- **Available data**
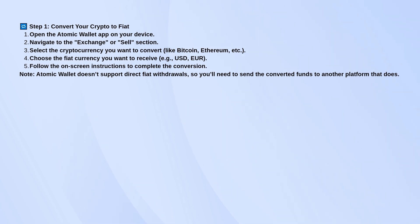Now, here's the catch. Atomic Wallet doesn't let you withdraw that money directly to your bank. So once you've got your crypto converted, you need to move it to an exchange like Coinbase, Binance, or Kraken, because those platforms do allow bank withdrawals.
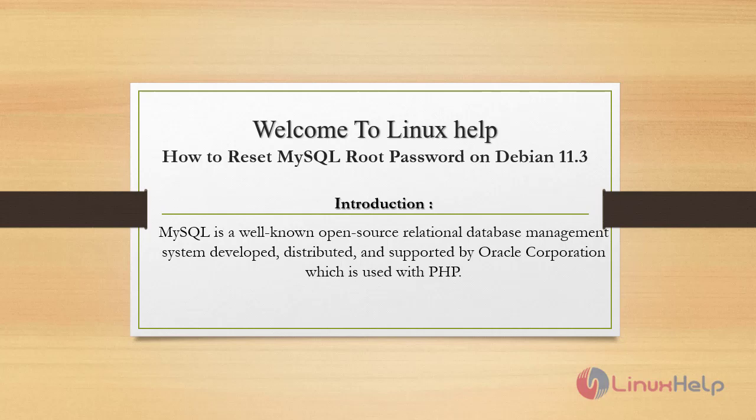Welcome to LinuxHelp. Today we are going to see how to reset MySQL root password on Debian 11.3. MySQL is a well-known open source relational database management system developed, distributed, and supported by Oracle Corporation, which is used with PHP.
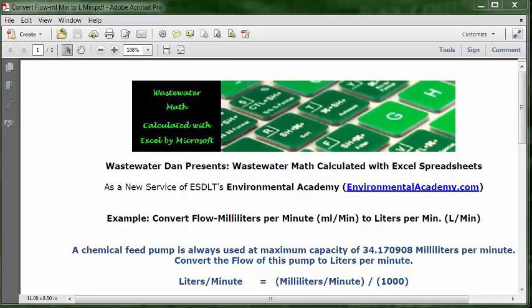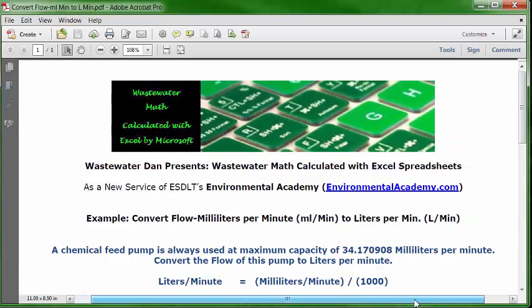Today's example: convert flow from milliliters per minute (mL/min) to liters per minute (L/min). Today's problem reads: a chemical feed pump is always used at maximum capacity of 34.170908 milliliters per minute. Convert the flow of this pump to liters per minute.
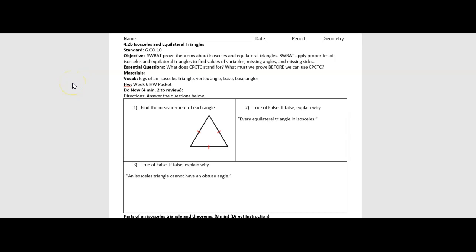Hello everyone, Mr. Fossett here, and we are back with another geometry lesson. Today we're going to talk specifically about isosceles and equilateral triangles, talk about a couple of the theorems involved with each, and we will get into some proofs as well.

- **What is being asked**
Without any of its pictures, the listing is to be repeated exactly as it stands.

- **Task solution**
Now, here's the catch. Atomic Wallet doesn't let you withdraw that money directly to your bank. So once you've got your crypto converted, you need to move it to an exchange like Coinbase, Binance, or Kraken, because those platforms do allow bank withdrawals.
Welcome to LinuxHelp. Today we are going to see how to reset MySQL root password on Debian 11.3. MySQL is a well-known open source relational database management system developed, distributed, and supported by Oracle Corporation, which is used with PHP.
Today's example: convert flow from milliliters per minute (mL/min) to liters per minute (L/min). Today's problem reads: a chemical feed pump is always used at maximum capacity of 34.170908 milliliters per minute. Convert the flow of this pump to liters per minute.
Hello everyone, Mr. Fossett here, and we are back with another geometry lesson. Today we're going to talk specifically about isosceles and equilateral triangles, talk about a couple of the theorems involved with each, and we will get into some proofs as well.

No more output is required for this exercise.